Woodwoses (wildmen)

SUFFOLK, mainland Britain’s easternmost county, last year briefly adopted the controversial slogan “the Curious County”. The churches of mostly rural Suffolk do harbour a curiosity – woodwoses (literally “wild-men-of-the-woods”), hirsute manimals brandishing clubs. Particularly in Suffolk Coastal District, few churches are without at least one woodwose. Believed to date from the 15th century (“the 1400s”), these are carved on the staves of stone baptismal fonts, or as a reliefs hewn into the porch of a church, where they are usually to be found with a club and shield raised as they close in for combat with a dragon of wyvern.

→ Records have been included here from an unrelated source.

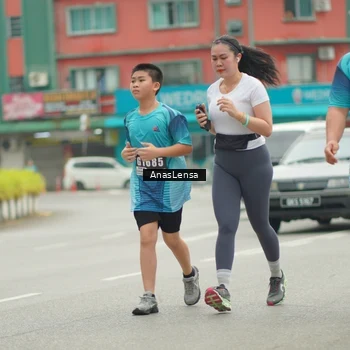 Runner Photo 8827244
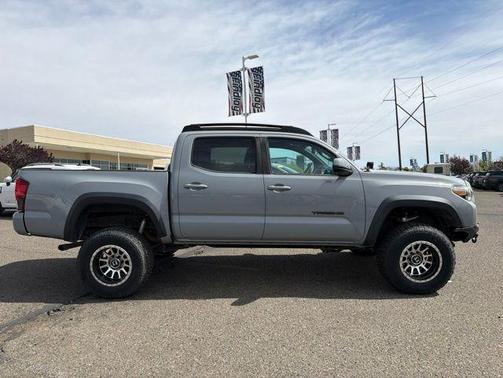 Cement 2019 Toyota Tacoma TRD Off Road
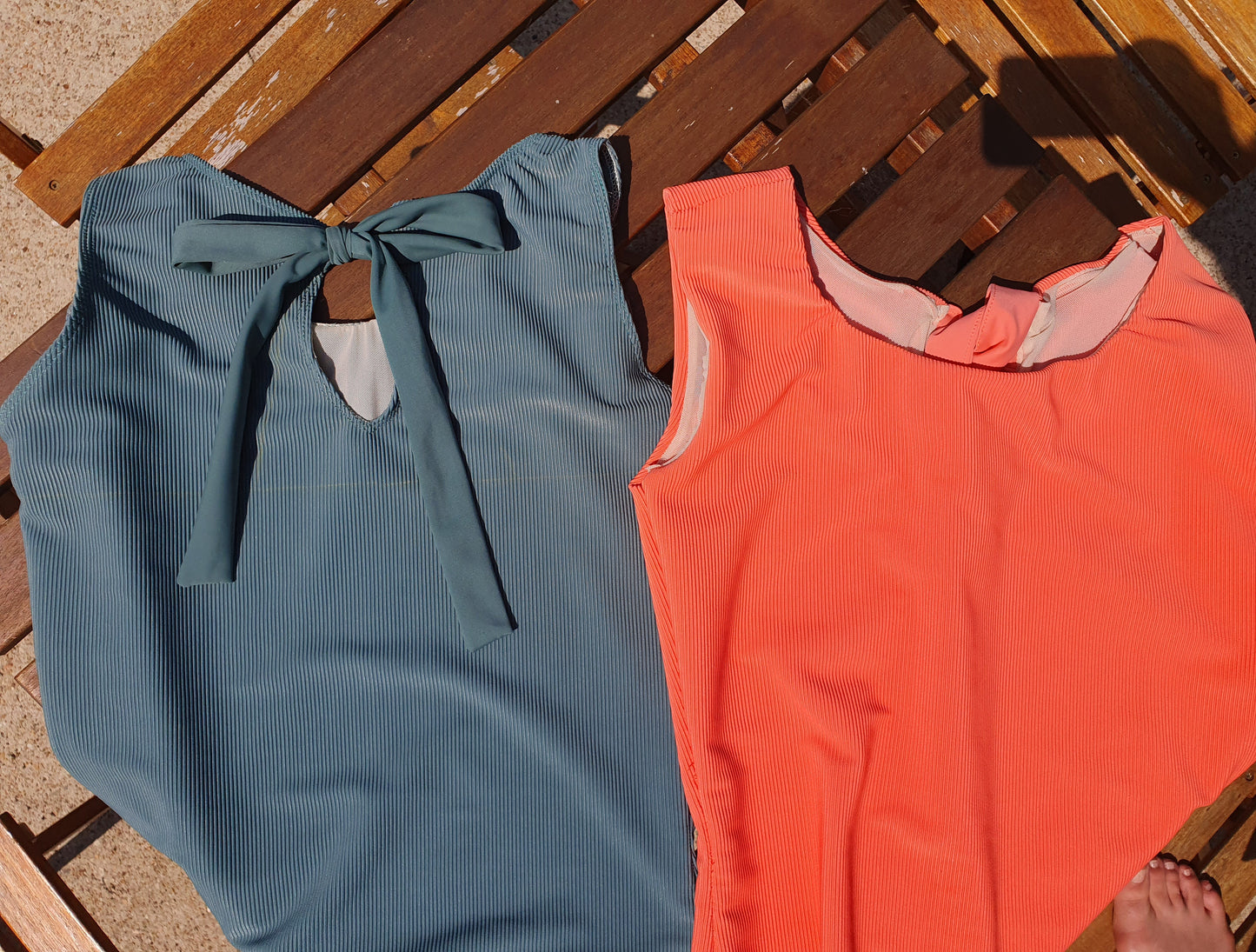 Bow Back Tankini in Black Palm Print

The woodwoses on the font of St Andrew’s Walberswick are ruined – some of their heads are gone and you can just make out the wavy hair on the torsos that remain. When I first saw the ruined Walberswick woodwoses, I mistook them for a particularly hairy Adam and Eve.

The Protestant religious reformers – enforcing an edict of 1540 from the Tudor boy king Edward VI ordering the smashing of statues in churches – showed intolerance to these and other Suffolk woodwoses. Some local woodwose-bearing fonts only survive because the idolatrous bits were plastered over until the commissioners had gone away.